So your expecting everyone to say how good it is ?


----------



## D-B-J (Sep 26, 2011)

gsgary said:


> D-B-J said:
> 
> 
> > gsgary said:
> ...




No i am not, but telling me it's called football and that you have MUCH better shots in the UK helped me... not at all.  So there was nothing too useful in the post.  I'm not asking for praise, i'm asking for "Comments and Critiques," in other words, a comment that will allow me to improve my eye, skill, etc.


----------



## gsgary (Sep 27, 2011)

To get better you need to learn the game and where to shoot from, for the best shots shot from behind the goal line so the attackers are coming towards you with a long lens and a wider lens on another body


----------



## imagemaker46 (Sep 27, 2011)

gsgary, I posted four soccer shots the other day and you didn't make any comments on those?  They were also shot at a college game.   Not everyone understands the game, not everyone grew up with the game, not everyone has a long lens to work with.  While D-B-J's shot is not a "technically perfect" soccer shot because there are too many players in the shot, it is still a decent action shot, that is the only point that has to be made.  Soccer like baseball are boring sports to shoot and also difficult to shoot for even very skilled photographers, and yes understanding the sports helps, however the action doesn't always  come the photographers way, so you shoot what you can with what you have, from where you are.


----------



## D-B-J (Sep 27, 2011)

gsgary said:


> To get better you need to learn the game and where to shoot from, for the best shots shot from behind the goal line so the attackers are coming towards you with a long lens and a wider lens on another body



I was about 20 feet left of the goal.  In other words, the appropriate position.  I apologize for not being able to afford a 300mm 2.8, and a second body with which to have a wide angle on.  Hell, I'm a poor college student trying to teach myself photography with guidance from more knowledgable members here.  I'd appreciate if you were more useful, instead of bashing everything about this shot, including the stuff i had no control over (# of players).


----------



## D-B-J (Sep 27, 2011)

imagemaker46 said:


> gsgary, I posted four soccer shots the other day and you didn't make any comments on those?  They were also shot at a college game.   Not everyone understands the game, not everyone grew up with the game, not everyone has a long lens to work with.  While D-B-J's shot is not a "technically perfect" soccer shot because there are too many players in the shot, it is still a decent action shot, that is the only point that has to be made.  Soccer like baseball are boring sports to shoot and also difficult to shoot for even very skilled photographers, and yes understanding the sports helps, however the action doesn't always  come the photographers way, so you shoot what you can with what you have, from where you are.

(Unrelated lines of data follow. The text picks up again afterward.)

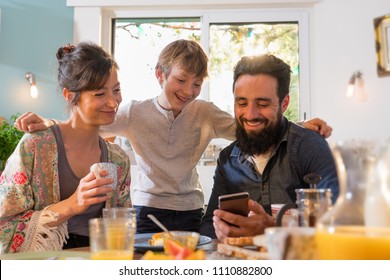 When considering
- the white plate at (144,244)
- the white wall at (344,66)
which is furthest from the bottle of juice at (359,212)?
the white wall at (344,66)

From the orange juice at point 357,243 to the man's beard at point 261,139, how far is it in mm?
1250

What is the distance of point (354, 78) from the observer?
332 centimetres

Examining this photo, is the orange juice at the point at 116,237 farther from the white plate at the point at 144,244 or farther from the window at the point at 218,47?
the window at the point at 218,47

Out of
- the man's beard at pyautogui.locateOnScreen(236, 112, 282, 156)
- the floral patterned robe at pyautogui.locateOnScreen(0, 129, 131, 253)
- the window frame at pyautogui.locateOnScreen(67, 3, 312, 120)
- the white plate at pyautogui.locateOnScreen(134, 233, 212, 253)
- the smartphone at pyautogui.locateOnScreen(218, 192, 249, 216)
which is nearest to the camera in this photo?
the white plate at pyautogui.locateOnScreen(134, 233, 212, 253)

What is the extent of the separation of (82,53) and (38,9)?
2202 mm

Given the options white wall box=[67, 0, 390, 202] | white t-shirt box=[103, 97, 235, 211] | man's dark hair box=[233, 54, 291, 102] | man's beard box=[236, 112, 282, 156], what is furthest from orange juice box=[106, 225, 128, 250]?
white wall box=[67, 0, 390, 202]

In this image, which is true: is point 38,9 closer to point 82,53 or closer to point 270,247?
point 82,53

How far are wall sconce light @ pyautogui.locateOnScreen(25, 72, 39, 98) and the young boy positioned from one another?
1514 millimetres

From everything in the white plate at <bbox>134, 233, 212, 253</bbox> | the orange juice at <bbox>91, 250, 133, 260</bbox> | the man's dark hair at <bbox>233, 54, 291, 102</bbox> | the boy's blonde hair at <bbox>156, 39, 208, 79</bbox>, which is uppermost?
the boy's blonde hair at <bbox>156, 39, 208, 79</bbox>

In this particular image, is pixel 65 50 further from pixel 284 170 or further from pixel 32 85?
pixel 32 85

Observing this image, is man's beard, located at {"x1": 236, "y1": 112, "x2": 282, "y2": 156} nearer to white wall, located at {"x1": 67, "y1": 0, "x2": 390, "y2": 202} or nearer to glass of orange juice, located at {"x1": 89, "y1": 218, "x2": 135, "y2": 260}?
glass of orange juice, located at {"x1": 89, "y1": 218, "x2": 135, "y2": 260}

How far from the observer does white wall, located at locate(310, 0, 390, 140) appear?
3293mm

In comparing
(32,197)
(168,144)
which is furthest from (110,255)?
(168,144) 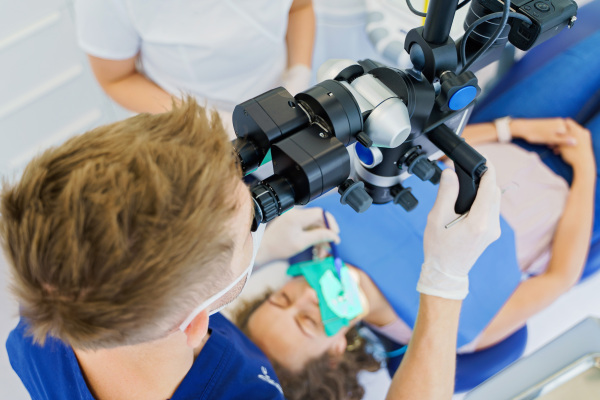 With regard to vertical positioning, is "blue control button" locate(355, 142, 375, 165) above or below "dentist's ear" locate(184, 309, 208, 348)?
above

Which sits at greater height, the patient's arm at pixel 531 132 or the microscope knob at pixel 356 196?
the microscope knob at pixel 356 196

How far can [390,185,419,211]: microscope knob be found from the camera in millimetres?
848

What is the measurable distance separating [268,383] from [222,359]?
0.11 m

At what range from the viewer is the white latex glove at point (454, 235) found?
2.87 ft

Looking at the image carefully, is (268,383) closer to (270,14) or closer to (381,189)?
(381,189)

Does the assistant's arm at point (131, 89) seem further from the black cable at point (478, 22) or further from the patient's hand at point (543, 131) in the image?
the patient's hand at point (543, 131)

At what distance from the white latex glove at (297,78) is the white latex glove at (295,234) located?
0.39 meters

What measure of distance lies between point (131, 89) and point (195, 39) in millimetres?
256

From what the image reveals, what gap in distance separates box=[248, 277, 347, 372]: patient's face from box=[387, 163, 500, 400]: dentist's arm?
0.37m

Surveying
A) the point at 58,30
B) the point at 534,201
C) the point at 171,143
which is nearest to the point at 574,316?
→ the point at 534,201

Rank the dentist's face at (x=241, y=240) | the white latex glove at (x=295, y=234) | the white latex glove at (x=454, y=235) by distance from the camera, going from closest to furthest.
A: the dentist's face at (x=241, y=240) < the white latex glove at (x=454, y=235) < the white latex glove at (x=295, y=234)

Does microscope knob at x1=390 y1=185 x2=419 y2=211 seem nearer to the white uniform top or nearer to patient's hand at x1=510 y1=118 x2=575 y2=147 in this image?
the white uniform top

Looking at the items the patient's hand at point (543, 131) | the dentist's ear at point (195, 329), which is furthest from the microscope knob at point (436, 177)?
the patient's hand at point (543, 131)

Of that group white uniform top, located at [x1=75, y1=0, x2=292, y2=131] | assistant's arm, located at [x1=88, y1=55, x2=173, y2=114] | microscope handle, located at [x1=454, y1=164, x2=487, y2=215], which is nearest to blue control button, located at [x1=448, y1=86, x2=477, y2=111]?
microscope handle, located at [x1=454, y1=164, x2=487, y2=215] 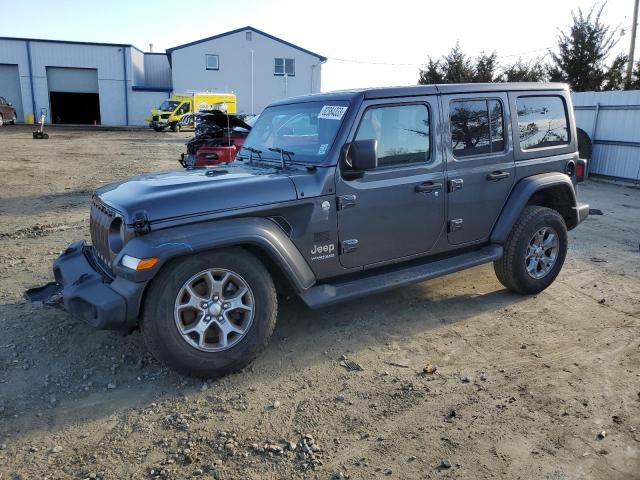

It is a tricky and sometimes boring sport to shoot.  For example, i missed a BEAUTIFUL header, but hey, live and learn.  Thank you for your comments.


----------



## gsgary (Sep 28, 2011)

D-B-J said:


> imagemaker46 said:
> 
> 
> > gsgary, I posted four soccer shots the other day and you didn't make any comments on those?  They were also shot at a college game.   Not everyone understands the game, not everyone grew up with the game, not everyone has a long lens to work with.  While D-B-J's shot is not a "technically perfect" soccer shot because there are too many players in the shot, it is still a decent action shot, that is the only point that has to be made.  Soccer like baseball are boring sports to shoot and also difficult to shoot for even very skilled photographers, and yes understanding the sports helps, however the action doesn't always  come the photographers way, so you shoot what you can with what you have, from where you are.
> ...




This is where knowing the game comes in handy, you have to judge when to stop following the player with the ball and try and plan where the next play will be because once he kicks the ball it is too late to follow, try keeping both eyes open so you can see a bit more of what is going on


----------